### PROBLEM TO WORK ON
Among the records that follow, set down only the lines from the one containing "Hallo Dertig Curvy" to the one containing "Teekanne aus Edelstahl", both included, exactly.

### INFORMATION SHOWN
--- START ---

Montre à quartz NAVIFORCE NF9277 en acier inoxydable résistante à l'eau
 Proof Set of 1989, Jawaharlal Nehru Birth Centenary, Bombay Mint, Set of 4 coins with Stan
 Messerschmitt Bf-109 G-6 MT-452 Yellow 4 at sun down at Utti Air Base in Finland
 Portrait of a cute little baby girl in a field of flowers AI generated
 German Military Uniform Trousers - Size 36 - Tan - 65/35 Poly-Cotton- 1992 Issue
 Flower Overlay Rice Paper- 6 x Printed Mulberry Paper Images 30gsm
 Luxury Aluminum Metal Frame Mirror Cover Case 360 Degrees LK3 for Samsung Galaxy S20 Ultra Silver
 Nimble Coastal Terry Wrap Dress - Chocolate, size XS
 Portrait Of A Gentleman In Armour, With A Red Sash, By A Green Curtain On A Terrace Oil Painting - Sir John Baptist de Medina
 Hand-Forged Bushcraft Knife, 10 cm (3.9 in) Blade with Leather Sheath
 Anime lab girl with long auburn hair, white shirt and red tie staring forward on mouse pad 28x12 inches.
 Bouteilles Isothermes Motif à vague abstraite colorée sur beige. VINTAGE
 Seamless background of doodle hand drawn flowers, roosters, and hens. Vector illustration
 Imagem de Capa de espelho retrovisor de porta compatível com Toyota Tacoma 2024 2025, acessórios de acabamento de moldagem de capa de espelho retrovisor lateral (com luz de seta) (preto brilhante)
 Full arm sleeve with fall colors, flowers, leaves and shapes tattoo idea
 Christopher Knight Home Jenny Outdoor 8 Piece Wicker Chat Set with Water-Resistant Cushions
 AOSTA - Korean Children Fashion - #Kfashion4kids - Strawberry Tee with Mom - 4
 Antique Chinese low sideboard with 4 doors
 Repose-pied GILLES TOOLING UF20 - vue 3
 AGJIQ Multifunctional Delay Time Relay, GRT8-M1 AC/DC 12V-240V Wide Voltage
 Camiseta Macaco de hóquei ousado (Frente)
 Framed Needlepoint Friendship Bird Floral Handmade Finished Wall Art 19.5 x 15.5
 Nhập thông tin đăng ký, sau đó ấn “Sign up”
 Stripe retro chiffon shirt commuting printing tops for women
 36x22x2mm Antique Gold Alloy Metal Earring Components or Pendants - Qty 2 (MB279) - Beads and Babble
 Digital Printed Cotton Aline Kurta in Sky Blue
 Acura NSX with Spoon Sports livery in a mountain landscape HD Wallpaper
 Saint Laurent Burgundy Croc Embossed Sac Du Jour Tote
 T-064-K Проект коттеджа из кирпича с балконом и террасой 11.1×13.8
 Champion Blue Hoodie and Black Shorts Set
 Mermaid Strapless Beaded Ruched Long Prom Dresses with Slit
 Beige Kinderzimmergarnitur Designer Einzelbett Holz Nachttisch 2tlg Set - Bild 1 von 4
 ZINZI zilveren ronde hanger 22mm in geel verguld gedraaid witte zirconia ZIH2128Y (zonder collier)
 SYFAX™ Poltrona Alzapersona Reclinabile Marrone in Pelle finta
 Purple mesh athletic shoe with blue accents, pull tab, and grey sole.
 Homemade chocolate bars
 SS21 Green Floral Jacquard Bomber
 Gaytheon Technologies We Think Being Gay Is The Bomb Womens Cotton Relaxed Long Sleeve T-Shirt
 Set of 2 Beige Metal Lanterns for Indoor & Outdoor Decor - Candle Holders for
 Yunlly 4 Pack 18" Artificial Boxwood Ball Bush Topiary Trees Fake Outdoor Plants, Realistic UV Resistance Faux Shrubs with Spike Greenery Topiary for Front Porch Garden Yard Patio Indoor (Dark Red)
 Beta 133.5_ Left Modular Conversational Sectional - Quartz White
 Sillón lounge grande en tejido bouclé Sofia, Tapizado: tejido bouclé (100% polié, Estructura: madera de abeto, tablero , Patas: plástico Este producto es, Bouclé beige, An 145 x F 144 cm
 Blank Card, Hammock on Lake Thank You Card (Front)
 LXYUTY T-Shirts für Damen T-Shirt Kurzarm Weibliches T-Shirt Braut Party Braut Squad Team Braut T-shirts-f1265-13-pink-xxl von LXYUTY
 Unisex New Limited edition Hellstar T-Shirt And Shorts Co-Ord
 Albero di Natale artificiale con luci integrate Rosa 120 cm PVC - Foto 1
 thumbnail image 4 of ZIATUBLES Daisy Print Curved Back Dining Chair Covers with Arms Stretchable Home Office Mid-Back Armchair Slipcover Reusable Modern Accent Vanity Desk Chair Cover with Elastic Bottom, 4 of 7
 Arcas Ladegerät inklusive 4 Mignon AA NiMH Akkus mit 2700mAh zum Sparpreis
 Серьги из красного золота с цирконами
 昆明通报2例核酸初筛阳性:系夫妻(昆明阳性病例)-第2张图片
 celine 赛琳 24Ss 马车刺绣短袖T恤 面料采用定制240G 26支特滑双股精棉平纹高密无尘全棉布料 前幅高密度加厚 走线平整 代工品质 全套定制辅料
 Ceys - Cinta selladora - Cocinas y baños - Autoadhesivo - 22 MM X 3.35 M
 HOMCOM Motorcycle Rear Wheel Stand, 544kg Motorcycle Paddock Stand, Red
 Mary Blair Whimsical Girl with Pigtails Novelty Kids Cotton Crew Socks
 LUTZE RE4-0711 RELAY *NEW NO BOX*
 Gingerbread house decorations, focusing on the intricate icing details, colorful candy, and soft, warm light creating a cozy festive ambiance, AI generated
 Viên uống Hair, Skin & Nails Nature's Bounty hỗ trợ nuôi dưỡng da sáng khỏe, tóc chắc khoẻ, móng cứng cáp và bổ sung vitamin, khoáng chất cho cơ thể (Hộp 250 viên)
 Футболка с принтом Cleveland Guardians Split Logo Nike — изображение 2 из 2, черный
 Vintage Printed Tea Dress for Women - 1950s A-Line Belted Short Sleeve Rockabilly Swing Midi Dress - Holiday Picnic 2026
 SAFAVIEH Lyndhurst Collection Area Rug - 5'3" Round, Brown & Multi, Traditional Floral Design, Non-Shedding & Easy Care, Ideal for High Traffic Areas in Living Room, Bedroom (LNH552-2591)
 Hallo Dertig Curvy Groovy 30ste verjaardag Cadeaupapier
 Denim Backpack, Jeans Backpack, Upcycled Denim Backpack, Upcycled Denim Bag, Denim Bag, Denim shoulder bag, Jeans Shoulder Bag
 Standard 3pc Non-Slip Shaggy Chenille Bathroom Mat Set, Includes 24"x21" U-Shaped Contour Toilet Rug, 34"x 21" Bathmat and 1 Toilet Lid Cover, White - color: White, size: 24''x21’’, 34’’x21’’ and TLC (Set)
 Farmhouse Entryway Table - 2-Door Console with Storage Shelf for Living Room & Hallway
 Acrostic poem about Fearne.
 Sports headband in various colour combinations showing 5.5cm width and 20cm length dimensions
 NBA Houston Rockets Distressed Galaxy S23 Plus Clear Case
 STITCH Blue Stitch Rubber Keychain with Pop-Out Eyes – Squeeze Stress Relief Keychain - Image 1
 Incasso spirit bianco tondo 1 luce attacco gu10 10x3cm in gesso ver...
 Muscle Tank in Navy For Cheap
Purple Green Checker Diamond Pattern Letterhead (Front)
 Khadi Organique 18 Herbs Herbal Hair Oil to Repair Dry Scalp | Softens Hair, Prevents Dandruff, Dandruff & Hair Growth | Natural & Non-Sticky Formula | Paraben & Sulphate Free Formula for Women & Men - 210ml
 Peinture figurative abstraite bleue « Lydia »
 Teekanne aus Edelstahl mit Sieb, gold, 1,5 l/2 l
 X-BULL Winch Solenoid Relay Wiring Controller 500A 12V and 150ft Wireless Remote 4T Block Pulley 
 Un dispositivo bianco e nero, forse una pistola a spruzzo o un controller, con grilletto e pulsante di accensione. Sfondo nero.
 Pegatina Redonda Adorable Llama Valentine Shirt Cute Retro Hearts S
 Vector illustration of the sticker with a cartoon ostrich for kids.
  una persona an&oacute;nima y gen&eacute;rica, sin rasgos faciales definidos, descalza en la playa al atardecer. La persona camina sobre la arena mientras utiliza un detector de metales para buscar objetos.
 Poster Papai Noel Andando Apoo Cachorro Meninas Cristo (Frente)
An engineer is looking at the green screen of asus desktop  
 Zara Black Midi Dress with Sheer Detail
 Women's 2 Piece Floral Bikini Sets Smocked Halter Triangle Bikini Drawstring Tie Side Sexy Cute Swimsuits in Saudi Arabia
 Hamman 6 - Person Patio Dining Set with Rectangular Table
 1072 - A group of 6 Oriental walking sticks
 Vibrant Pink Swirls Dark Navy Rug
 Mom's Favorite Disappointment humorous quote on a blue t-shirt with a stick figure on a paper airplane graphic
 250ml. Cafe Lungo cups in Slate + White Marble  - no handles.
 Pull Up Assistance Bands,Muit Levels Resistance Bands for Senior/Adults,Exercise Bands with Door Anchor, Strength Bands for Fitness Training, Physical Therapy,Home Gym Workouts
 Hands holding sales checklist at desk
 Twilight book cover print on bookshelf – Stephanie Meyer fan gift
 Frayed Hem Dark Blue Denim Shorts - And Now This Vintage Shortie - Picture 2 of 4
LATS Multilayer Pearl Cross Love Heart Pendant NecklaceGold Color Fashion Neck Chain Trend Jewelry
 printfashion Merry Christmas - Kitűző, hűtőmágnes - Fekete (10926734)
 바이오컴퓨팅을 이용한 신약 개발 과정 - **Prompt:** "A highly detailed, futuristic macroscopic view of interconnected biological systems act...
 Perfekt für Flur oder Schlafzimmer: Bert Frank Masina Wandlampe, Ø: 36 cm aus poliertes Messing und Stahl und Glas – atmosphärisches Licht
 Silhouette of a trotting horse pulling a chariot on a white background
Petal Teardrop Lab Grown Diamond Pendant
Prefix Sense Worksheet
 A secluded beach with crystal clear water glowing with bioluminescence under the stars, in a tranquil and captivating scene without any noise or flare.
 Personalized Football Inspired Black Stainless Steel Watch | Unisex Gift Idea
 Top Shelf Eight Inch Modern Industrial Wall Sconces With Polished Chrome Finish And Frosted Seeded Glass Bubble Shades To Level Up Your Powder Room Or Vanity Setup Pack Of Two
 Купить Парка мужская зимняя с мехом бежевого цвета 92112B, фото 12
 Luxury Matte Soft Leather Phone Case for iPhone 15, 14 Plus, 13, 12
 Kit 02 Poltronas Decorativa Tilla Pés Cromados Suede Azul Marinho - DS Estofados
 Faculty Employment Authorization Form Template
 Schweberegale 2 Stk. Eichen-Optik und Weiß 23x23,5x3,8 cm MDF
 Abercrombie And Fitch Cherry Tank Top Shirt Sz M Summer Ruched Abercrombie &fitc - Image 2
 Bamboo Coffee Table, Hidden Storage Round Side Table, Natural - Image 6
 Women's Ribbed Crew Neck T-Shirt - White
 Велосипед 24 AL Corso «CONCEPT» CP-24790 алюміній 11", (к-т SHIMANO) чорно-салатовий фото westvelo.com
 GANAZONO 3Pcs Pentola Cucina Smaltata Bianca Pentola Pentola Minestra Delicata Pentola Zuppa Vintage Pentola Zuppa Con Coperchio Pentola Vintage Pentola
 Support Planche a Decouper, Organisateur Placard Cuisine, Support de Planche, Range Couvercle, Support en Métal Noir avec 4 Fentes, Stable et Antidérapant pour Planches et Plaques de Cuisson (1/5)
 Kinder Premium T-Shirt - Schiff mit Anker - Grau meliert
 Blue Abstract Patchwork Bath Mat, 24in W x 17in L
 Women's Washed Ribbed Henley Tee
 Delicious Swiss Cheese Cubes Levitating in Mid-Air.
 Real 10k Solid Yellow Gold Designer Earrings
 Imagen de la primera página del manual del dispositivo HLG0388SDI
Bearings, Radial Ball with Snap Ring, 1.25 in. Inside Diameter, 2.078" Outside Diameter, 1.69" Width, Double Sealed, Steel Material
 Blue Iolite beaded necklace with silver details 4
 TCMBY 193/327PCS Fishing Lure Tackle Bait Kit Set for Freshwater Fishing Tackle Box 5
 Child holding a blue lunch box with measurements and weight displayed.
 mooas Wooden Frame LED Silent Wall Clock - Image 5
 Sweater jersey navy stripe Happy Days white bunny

--- END ---

### YOUR RESPONSE
 Hallo Dertig Curvy Groovy 30ste verjaardag Cadeaupapier
 Denim Backpack, Jeans Backpack, Upcycled Denim Backpack, Upcycled Denim Bag, Denim Bag, Denim shoulder bag, Jeans Shoulder Bag
 Standard 3pc Non-Slip Shaggy Chenille Bathroom Mat Set, Includes 24"x21" U-Shaped Contour Toilet Rug, 34"x 21" Bathmat and 1 Toilet Lid Cover, White - color: White, size: 24''x21’’, 34’’x21’’ and TLC (Set)
 Farmhouse Entryway Table - 2-Door Console with Storage Shelf for Living Room & Hallway
 Acrostic poem about Fearne.
 Sports headband in various colour combinations showing 5.5cm width and 20cm length dimensions
 NBA Houston Rockets Distressed Galaxy S23 Plus Clear Case
 STITCH Blue Stitch Rubber Keychain with Pop-Out Eyes – Squeeze Stress Relief Keychain - Image 1
 Incasso spirit bianco tondo 1 luce attacco gu10 10x3cm in gesso ver...
 Muscle Tank in Navy For Cheap
Purple Green Checker Diamond Pattern Letterhead (Front)
 Khadi Organique 18 Herbs Herbal Hair Oil to Repair Dry Scalp | Softens Hair, Prevents Dandruff, Dandruff & Hair Growth | Natural & Non-Sticky Formula | Paraben & Sulphate Free Formula for Women & Men - 210ml
 Peinture figurative abstraite bleue « Lydia »
 Teekanne aus Edelstahl mit Sieb, gold, 1,5 l/2 l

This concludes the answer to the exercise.